Record set section start

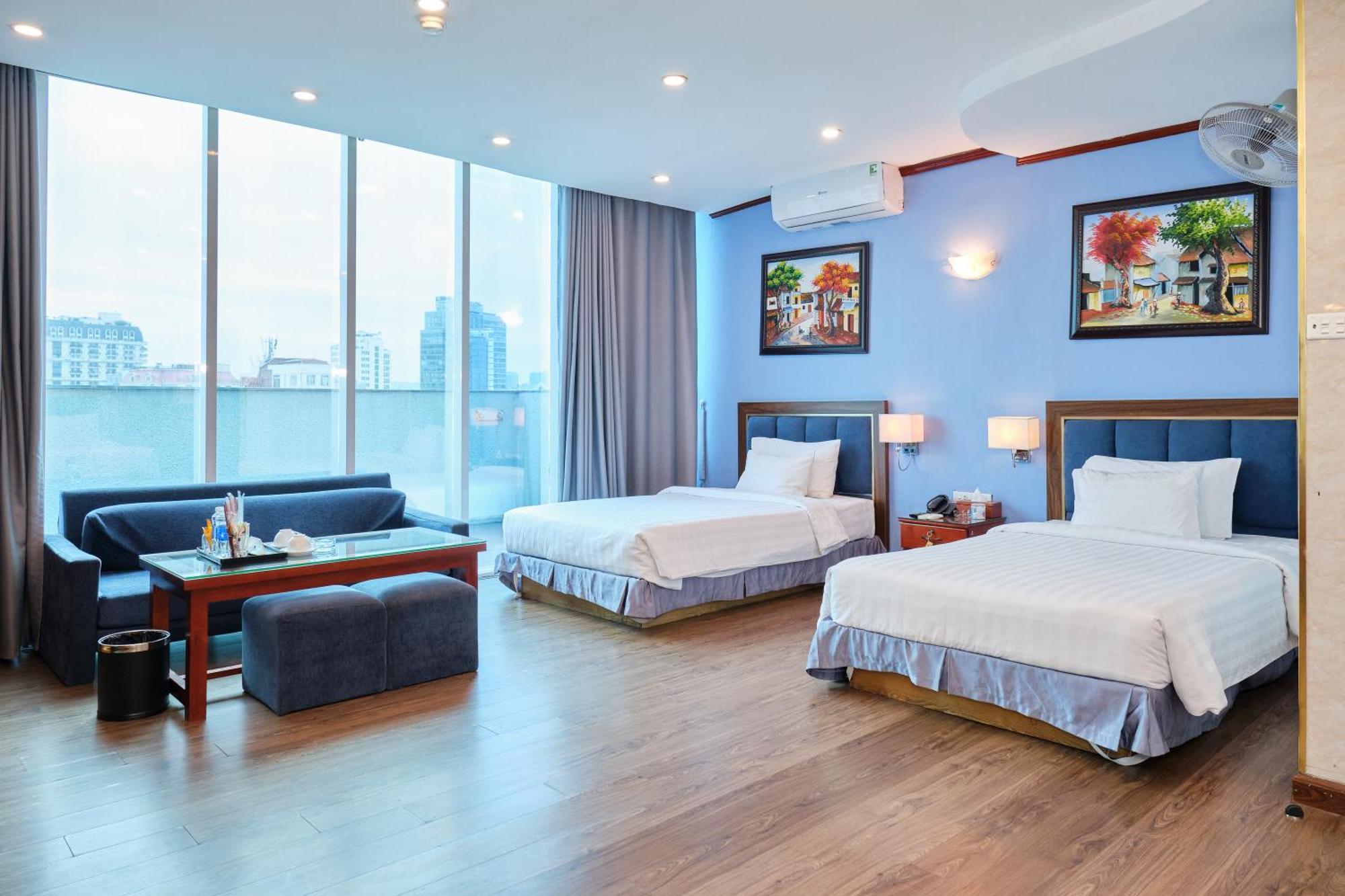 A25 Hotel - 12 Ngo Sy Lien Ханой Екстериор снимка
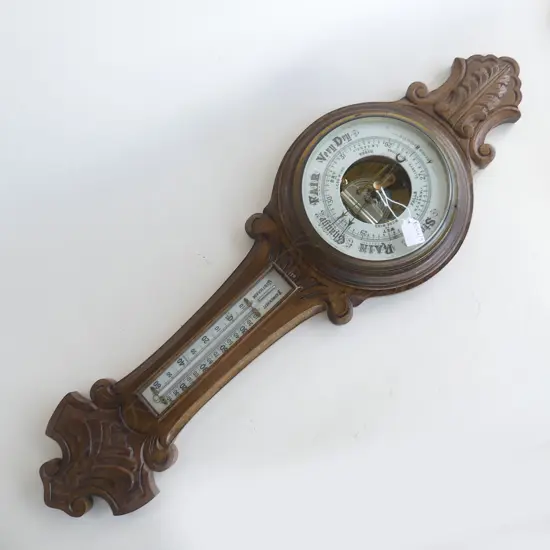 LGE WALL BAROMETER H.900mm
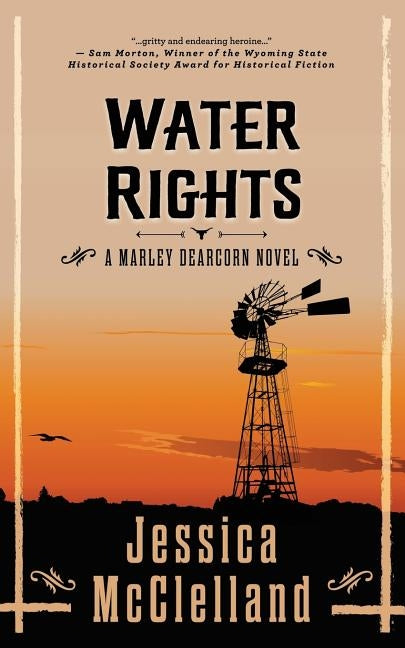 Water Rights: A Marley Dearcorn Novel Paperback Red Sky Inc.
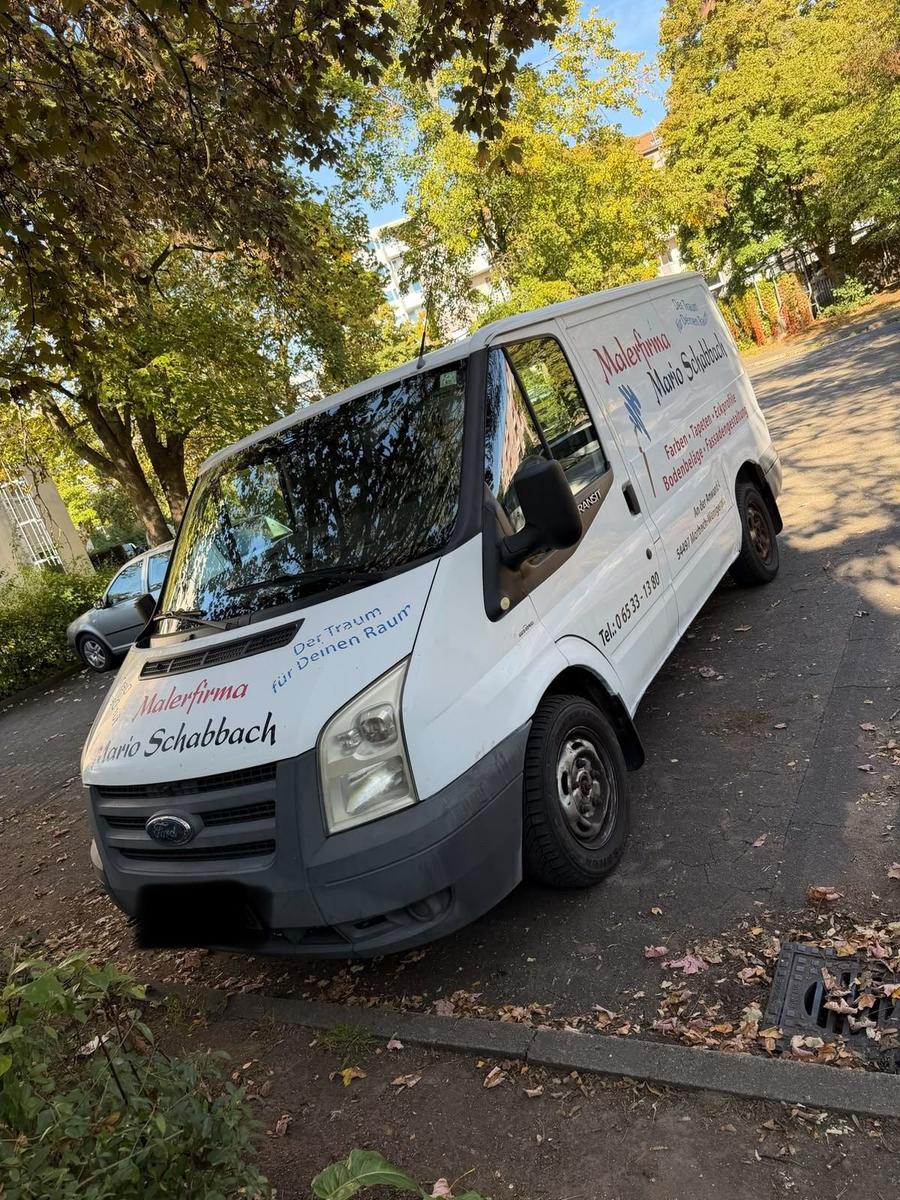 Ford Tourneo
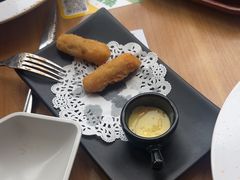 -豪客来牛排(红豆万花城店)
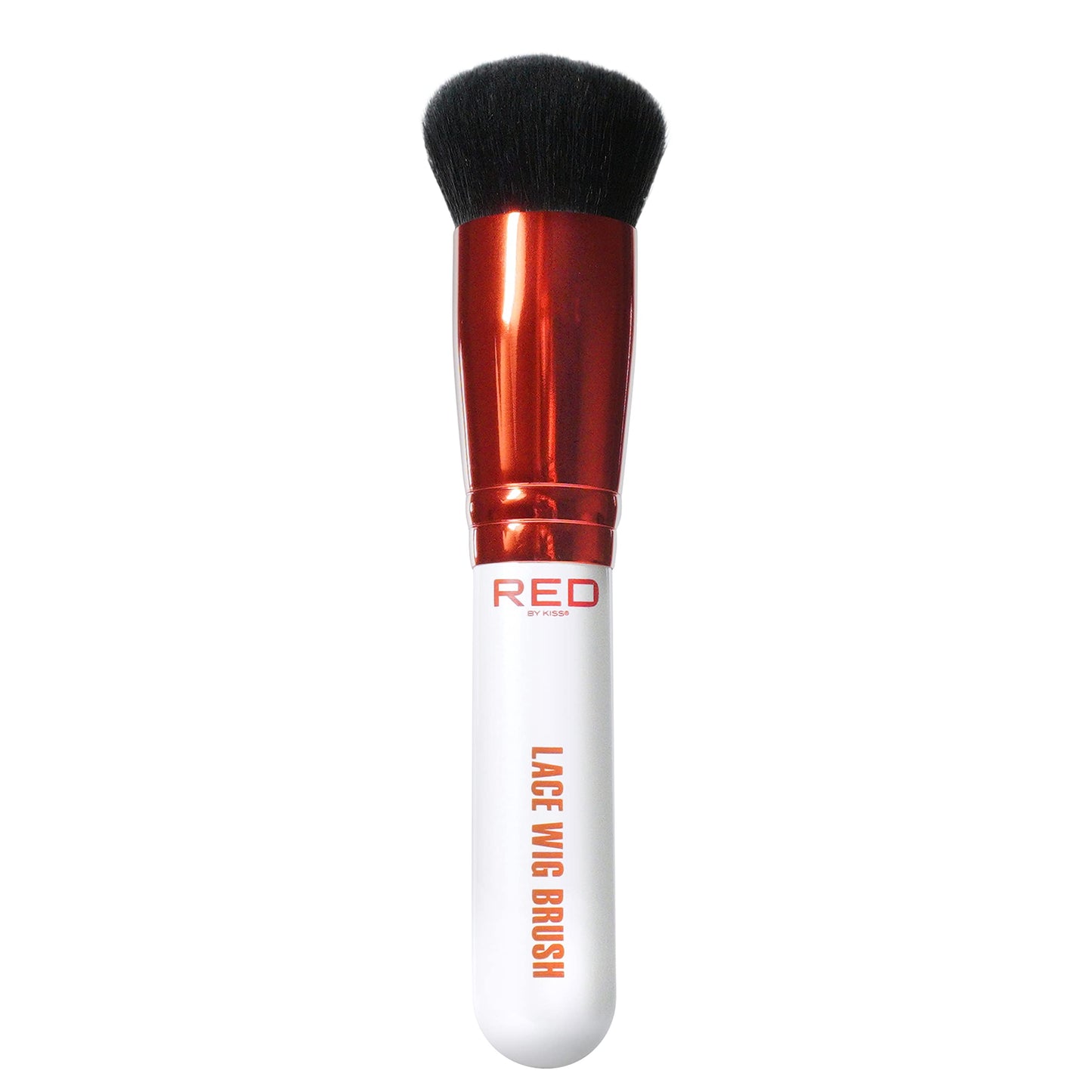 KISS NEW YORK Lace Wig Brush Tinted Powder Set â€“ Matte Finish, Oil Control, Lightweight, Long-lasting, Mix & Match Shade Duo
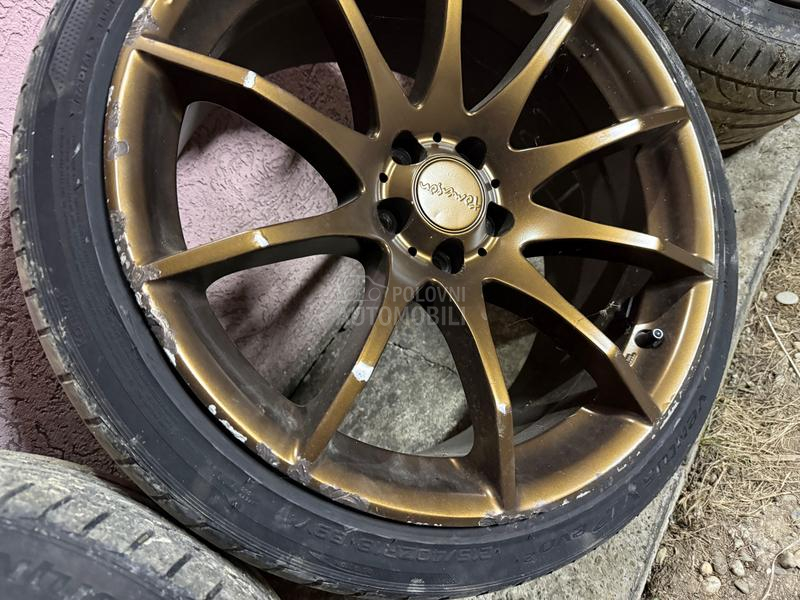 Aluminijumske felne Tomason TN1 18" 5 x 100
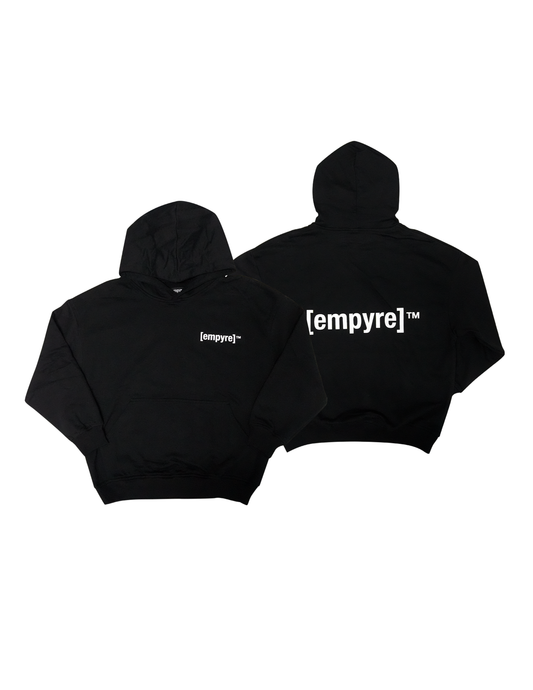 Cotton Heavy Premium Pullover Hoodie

Record set section end

- [Assignment]: Text only, no pictures: copy every entry exactly.

- [Result of the exercise]:
 A25 Hotel - 12 Ngo Sy Lien Ханой Екстериор снимка
 LGE WALL BAROMETER H.900mm
 Water Rights: A Marley Dearcorn Novel Paperback Red Sky Inc.
 Ford Tourneo
 -豪客来牛排(红豆万花城店)
 KISS NEW YORK Lace Wig Brush Tinted Powder Set â€“ Matte Finish, Oil Control, Lightweight, Long-lasting, Mix & Match Shade Duo
 Aluminijumske felne Tomason TN1 18" 5 x 100
 Cotton Heavy Premium Pullover Hoodie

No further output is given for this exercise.